Although you create only one task for a communicating job, the
system copies this task for each worker that runs the job. For example,
if a communicating job runs on four workers, the Tasks
property
of the job contains four task objects. The first task in the job’s Tasks
property
corresponds to the task run by the worker whose labindex
is 1
, and
so on, so that the ID
property for the task object
and labindex
for the worker that ran that task
have the same value. Therefore, the sequence of results returned by
the fetchOutputs
function
corresponds to the value of labindex
and to the
order of tasks in the job’s Tasks
property.
Because code running in one worker for a communicating job can
block execution until some corresponding code executes on another
worker, the potential for deadlock exists in communicating jobs. This
is most likely to occur when transferring data between workers or
when making code dependent upon the labindex
in
an if
statement. Some examples illustrate common
pitfalls.
Suppose you have a codistributed array D
,
and you want to use the gather
function
to assemble the entire array in the workspace of a single worker.
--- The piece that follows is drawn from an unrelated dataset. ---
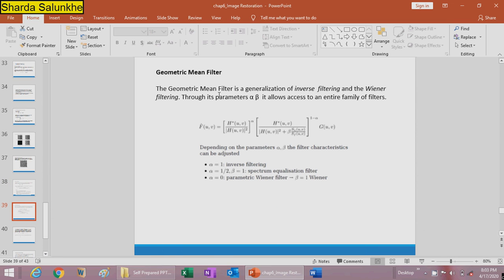The geometric mean filter is a generalization of both inverse filtering and Wiener filtering. Its parameters alpha and beta allow access to an entire family of filters. When alpha = 1, it reduces to inverse filtering. When alpha = 1/2 and beta = 1, it gives spectrum equalization filtering. When alpha = 0, it gives the parametric Wiener filter with beta = 1.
if labindex == 1 assembled = gather(D); end
The reason this fails is because the gather
function
requires communication between all the workers across which the array
is distributed. When the if
statement limits execution
to a single worker, the other workers required for execution of the
function are not executing the statement. As an alternative, you can
use gather
itself to collect the data into the
workspace of a single worker: assembled = gather(D, 1)
.
In another example, suppose you want to transfer data from every
worker to the next worker on the right (defined as the next higher labindex
).
First you define for each worker what the workers on the left and
right are.
from_lab_left = mod(labindex - 2, numlabs) + 1; to_lab_right = mod(labindex, numlabs) + 1;
Then try to pass data around the ring.
labSend (outdata, to_lab_right); indata = labReceive(from_lab_left);
The reason this code might fail is because, depending on the
size of the data being transferred, the labSend
function
can block execution in a worker until the corresponding receiving
worker executes its labReceive
function.
In this case, all the workers are attempting to send at the same time,
and none are attempting to receive while labSend
has
them blocked. In other words, none of the workers get to their labReceive
statements
because they are all blocked at the labSend
statement.
To avoid this particular problem, you can use the labSendReceive
function.